虽然每个层级似乎在了输入分布的某个部分存在不变性，但是很明显在这些部分的邻域中又存在着一种反直觉的未定义的行为。

观点认为神经网络的多层非线性叠加的目的就是为了使得模型对样本空间进行非局部泛化先验（non-local generalization prior）的编码，换句话说，输出可能会对其周围没有训练样本的输入空间邻域分配不显著（推测约为非 $\epsilon$ ）的概率（对抗攻击可以发生的假设）。这样做的好处在于，不同视角的同一张图片可能在像素空间产生变化，但是经过非局部泛化先验编码使得在概率上的输出是不变的。

In other words, it is possible for the output unit to assign non-significant (and, presumably, non-epsilon) probabilities to regions of the input space that contain no training examples in their vicinity.

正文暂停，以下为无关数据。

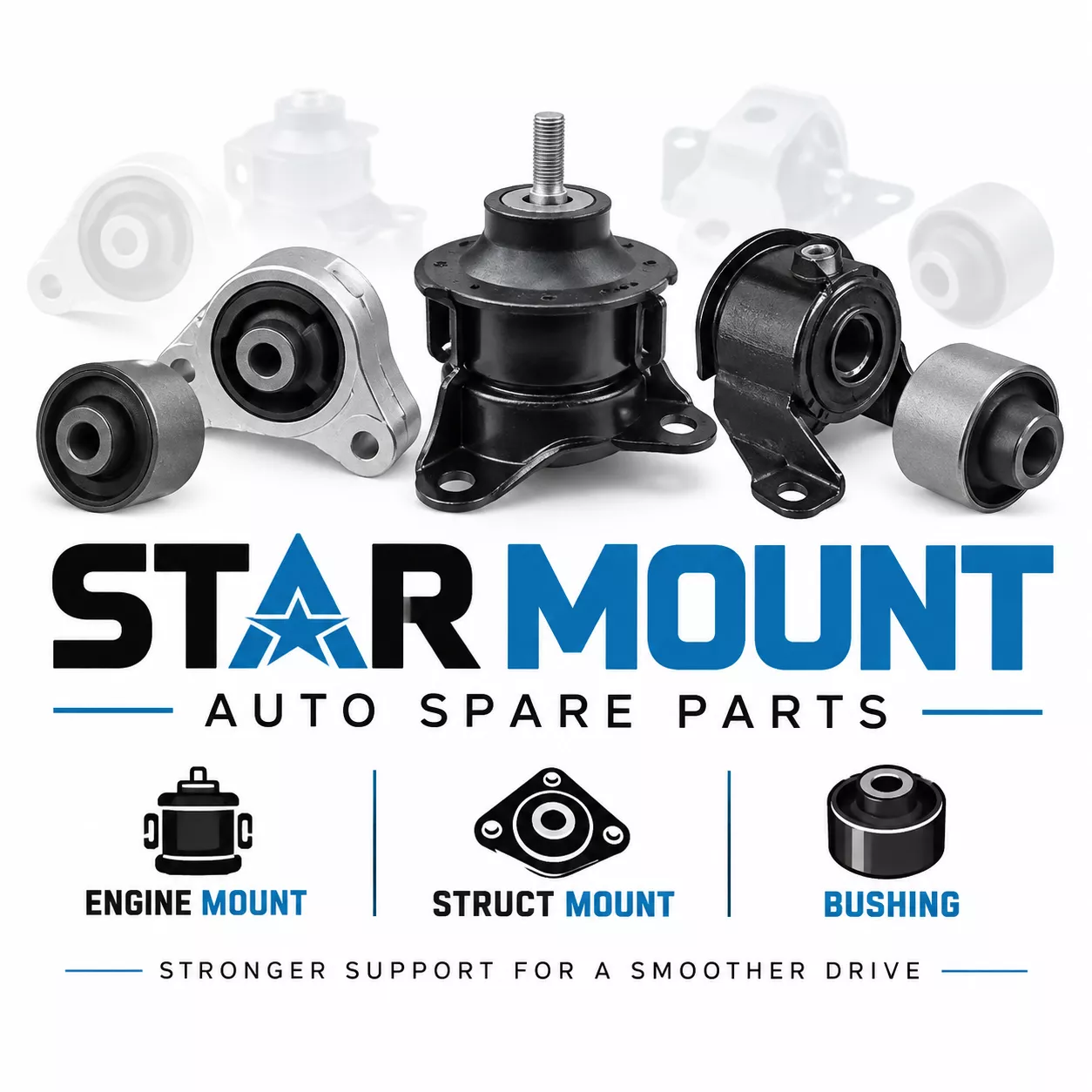 Star Mount Auto Spare Parts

这里可以推导出一种平滑性假设，即训练样本在 $\epsilon$ 领域内（ $||x^\prime-x||<\epsilon$ ）的所有样本都是满足和训练样本的类别一致。

And that in particular, for a small enough radius " in the vicinity of a given training input x, an x " which satisfies ||x x " || < " will get assigned a high probability of the correct class by the model.

Uzuki评论：神经网络验证做的工作就是寻找这个 $\epsilon$ ，证明在 $\epsilon$ 邻域内不存在对抗样本

接下来，作者将通过实验证明这种平滑性假设在很多的核方法（kernel method）上都是不成立的，可以通过一种高效的优化算法完成（即对抗攻击），这种优化过程在于遍历从网络形成的流形上以寻找“对抗样本”。这些样本在网络的高维流形上被认为是低概率出现的局部“口袋“。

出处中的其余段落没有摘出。